» Material supplied

──────────

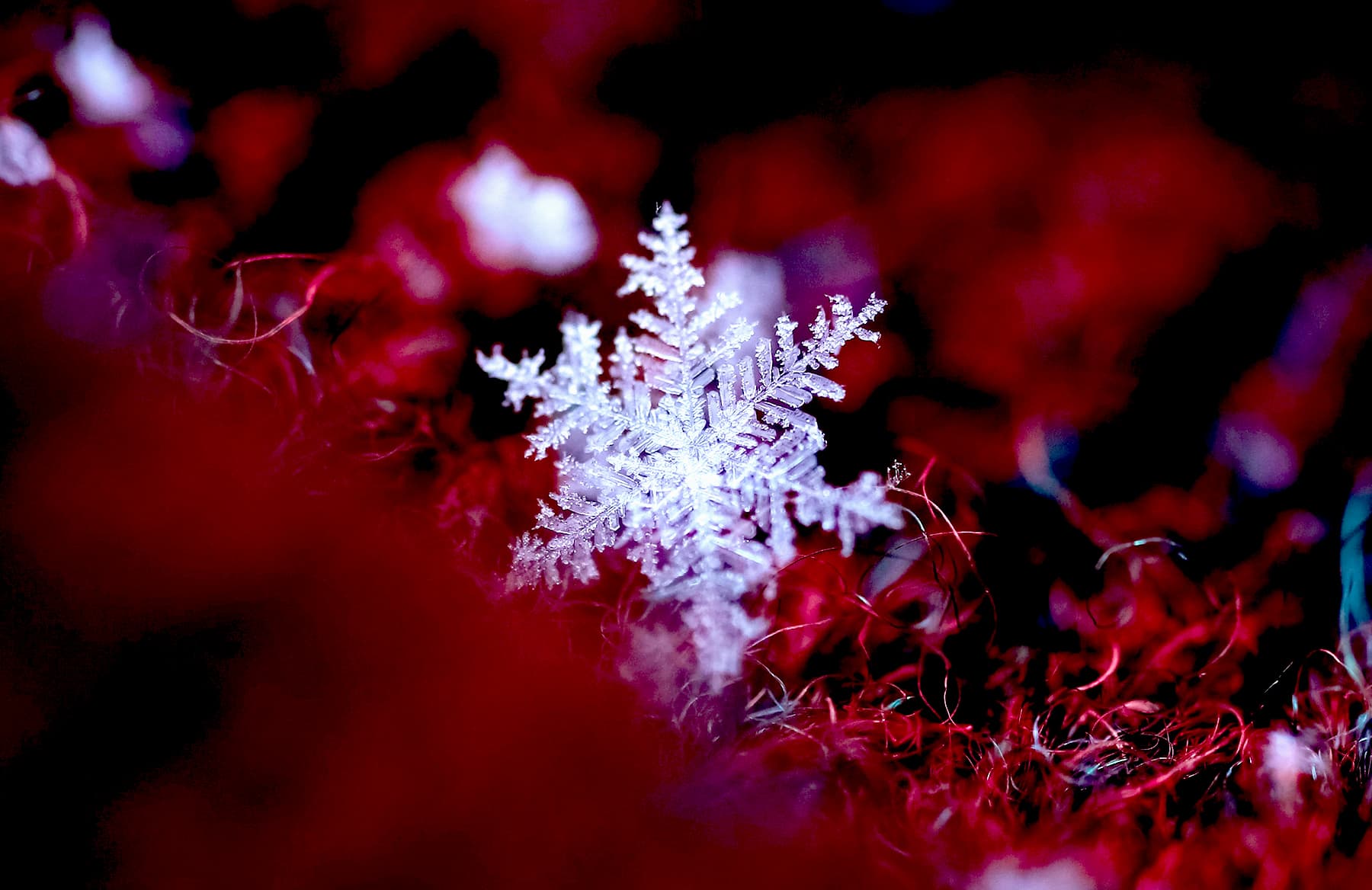 A single white snowflake on a red and black mossy background
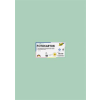 Folia Dekorkarton, 2 oldalas, 50x70 cm, 300 g, 10 lap, FOLIA, menta (FL6125)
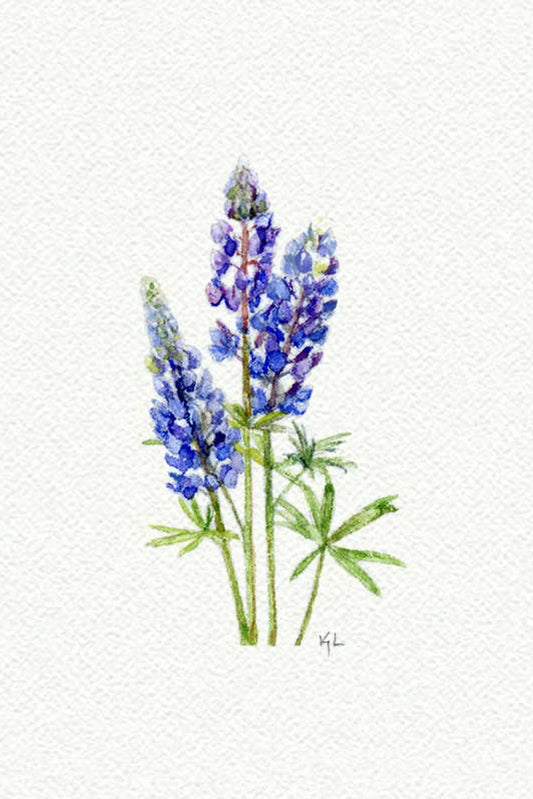 tiny watercolor print - bluebonnet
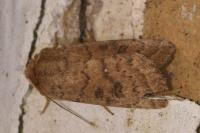 Hoplodrina octogenaria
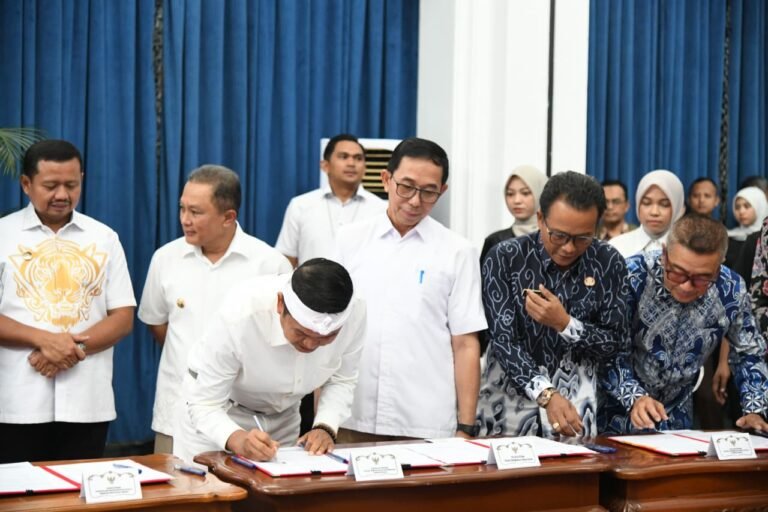 WhatsApp Image 2026-02-27 at 12.34.26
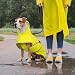 Kuoser Regenmantel Hund, Wasserdicht, Regenschutz, Gelb, M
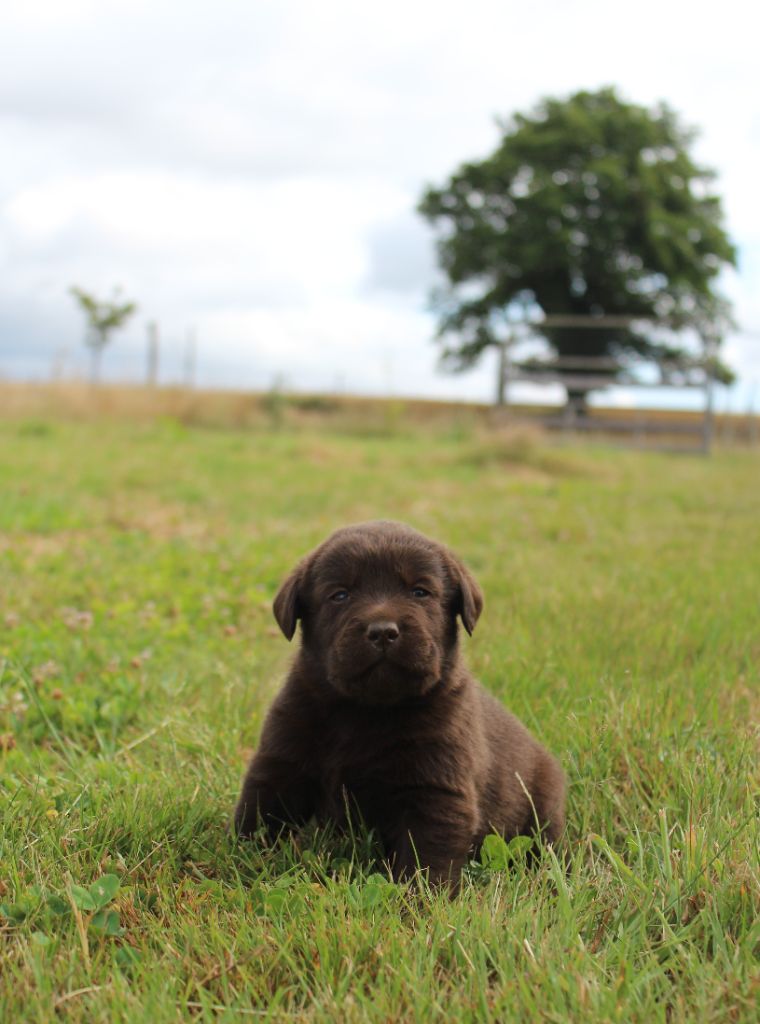 De L'harmonie Du Bonheur - Chiots disponibles - Labrador Retriever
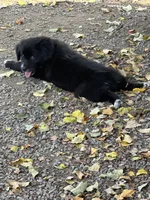 Midnight Black Bi, a female Australian Shepherd for sale in Sevierville, TN – 3 of 10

──────────

» Exercise goal
Every line from the one with "WhatsApp Image 2026-02-27 at 12.34.26" through the last line of the material gets printed exactly, and nothing more. Omit the pictures.

» Solution below
 WhatsApp Image 2026-02-27 at 12.34.26
 Kuoser Regenmantel Hund, Wasserdicht, Regenschutz, Gelb, M
 De L'harmonie Du Bonheur - Chiots disponibles - Labrador Retriever
 Midnight Black Bi, a female Australian Shepherd for sale in Sevierville, TN – 3 of 10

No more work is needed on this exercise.